[Data in this exercise]
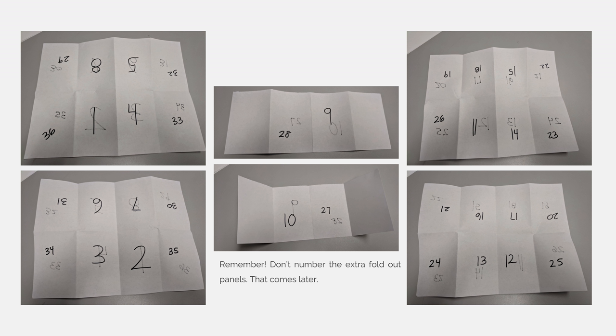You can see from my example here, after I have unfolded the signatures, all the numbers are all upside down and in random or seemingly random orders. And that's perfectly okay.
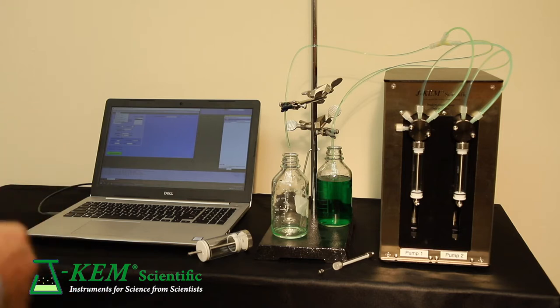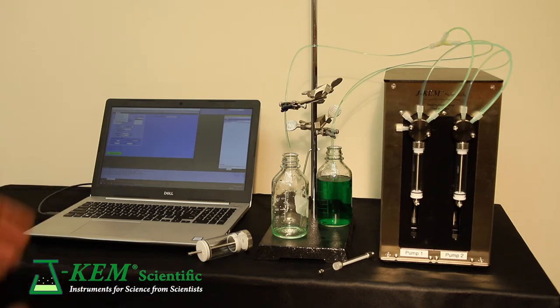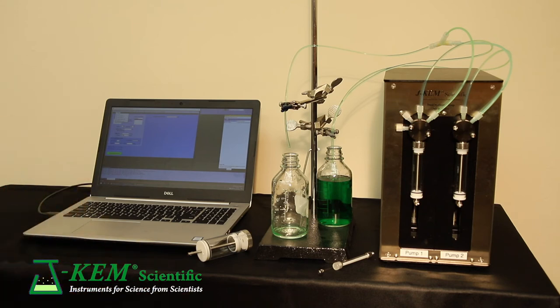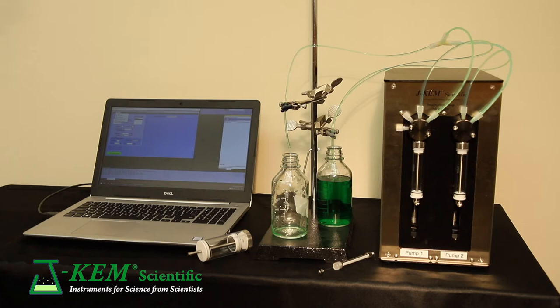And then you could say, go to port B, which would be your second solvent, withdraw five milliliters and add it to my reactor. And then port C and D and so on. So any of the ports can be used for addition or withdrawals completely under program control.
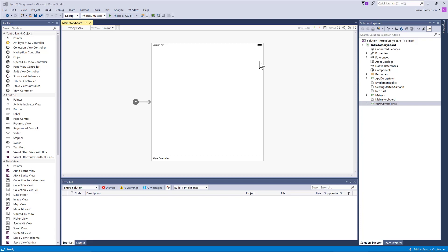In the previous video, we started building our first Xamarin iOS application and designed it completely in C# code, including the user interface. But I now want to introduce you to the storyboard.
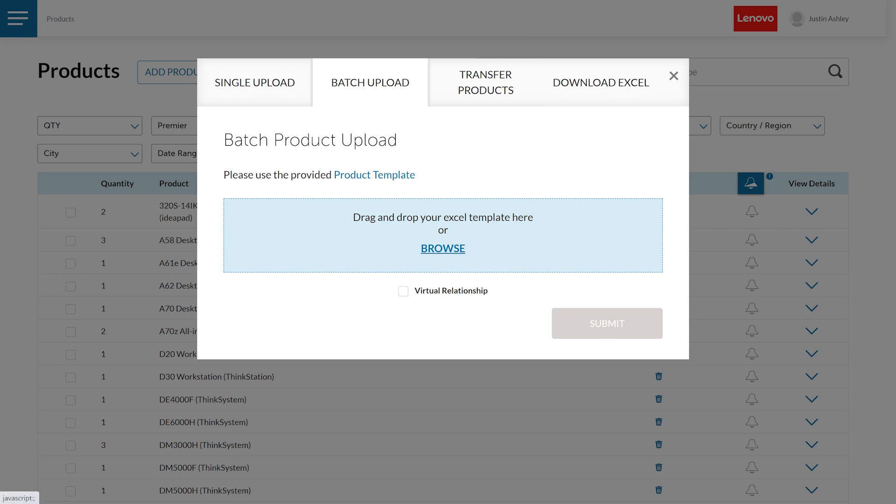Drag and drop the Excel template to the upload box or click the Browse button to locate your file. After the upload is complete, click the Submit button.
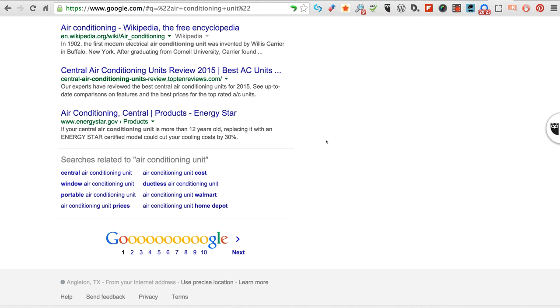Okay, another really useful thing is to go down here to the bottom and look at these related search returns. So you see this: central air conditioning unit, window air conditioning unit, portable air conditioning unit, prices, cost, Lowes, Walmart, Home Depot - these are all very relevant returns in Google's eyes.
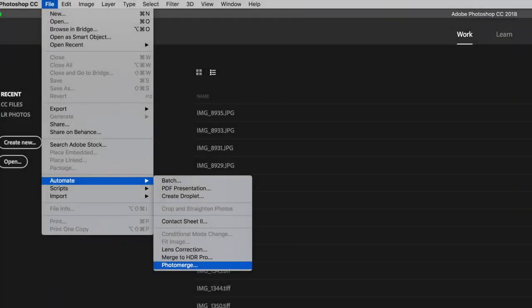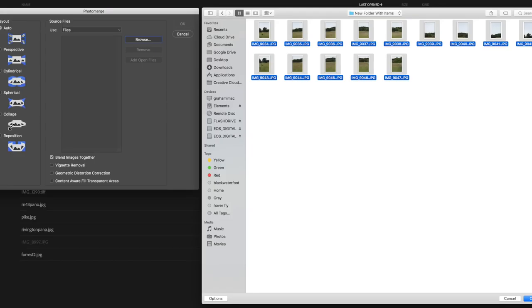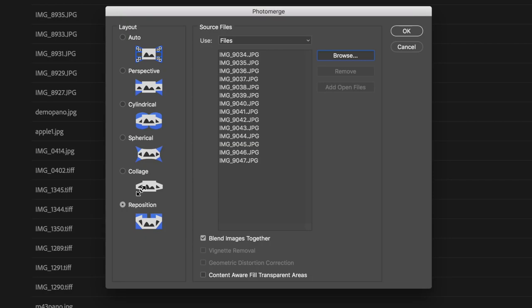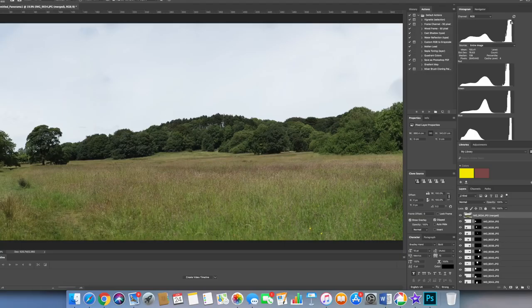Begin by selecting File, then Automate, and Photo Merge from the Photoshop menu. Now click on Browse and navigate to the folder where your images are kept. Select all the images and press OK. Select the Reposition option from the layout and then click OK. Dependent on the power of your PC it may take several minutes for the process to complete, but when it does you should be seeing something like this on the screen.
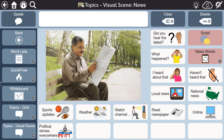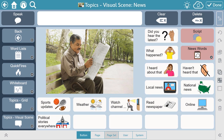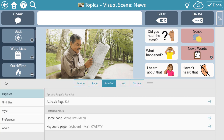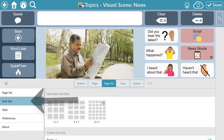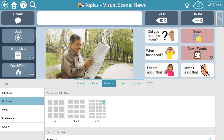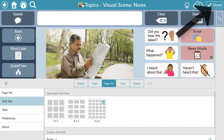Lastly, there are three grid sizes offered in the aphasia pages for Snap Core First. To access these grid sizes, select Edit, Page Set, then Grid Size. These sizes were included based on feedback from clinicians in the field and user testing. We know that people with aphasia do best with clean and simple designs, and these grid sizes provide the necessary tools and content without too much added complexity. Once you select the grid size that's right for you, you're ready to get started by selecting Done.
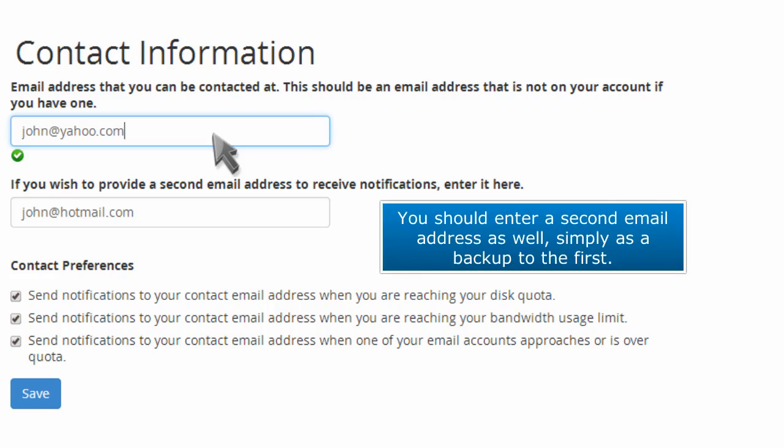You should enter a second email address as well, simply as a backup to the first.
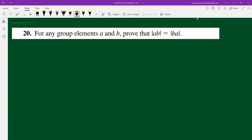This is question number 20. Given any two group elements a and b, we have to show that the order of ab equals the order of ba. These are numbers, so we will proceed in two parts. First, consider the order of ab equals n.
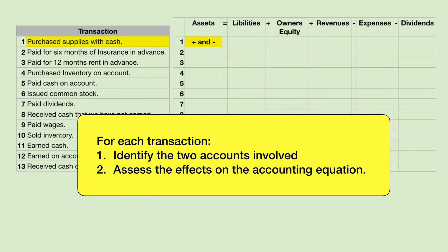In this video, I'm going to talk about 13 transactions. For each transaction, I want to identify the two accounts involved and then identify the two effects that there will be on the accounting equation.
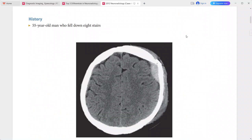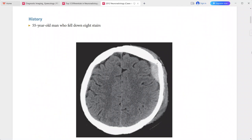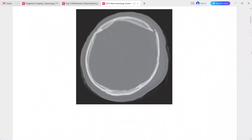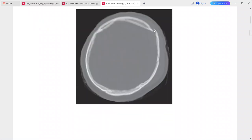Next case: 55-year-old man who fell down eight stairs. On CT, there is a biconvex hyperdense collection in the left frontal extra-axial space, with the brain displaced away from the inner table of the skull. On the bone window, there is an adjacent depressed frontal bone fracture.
[/Data in this exercise]
Directions for this task –
Pictures excluded, copy the lines exactly from where the material starts to the line with "Okay, another really", inclusive.

Solved exercise –
You can see from my example here, after I have unfolded the signatures, all the numbers are all upside down and in random or seemingly random orders. And that's perfectly okay.
And then you could say, go to port B, which would be your second solvent, withdraw five milliliters and add it to my reactor. And then port C and D and so on. So any of the ports can be used for addition or withdrawals completely under program control.
In the previous video, we started building our first Xamarin iOS application and designed it completely in C# code, including the user interface. But I now want to introduce you to the storyboard.
Drag and drop the Excel template to the upload box or click the Browse button to locate your file. After the upload is complete, click the Submit button.
Okay, another really useful thing is to go down here to the bottom and look at these related search returns. So you see this: central air conditioning unit, window air conditioning unit, portable air conditioning unit, prices, cost, Lowes, Walmart, Home Depot - these are all very relevant returns in Google's eyes.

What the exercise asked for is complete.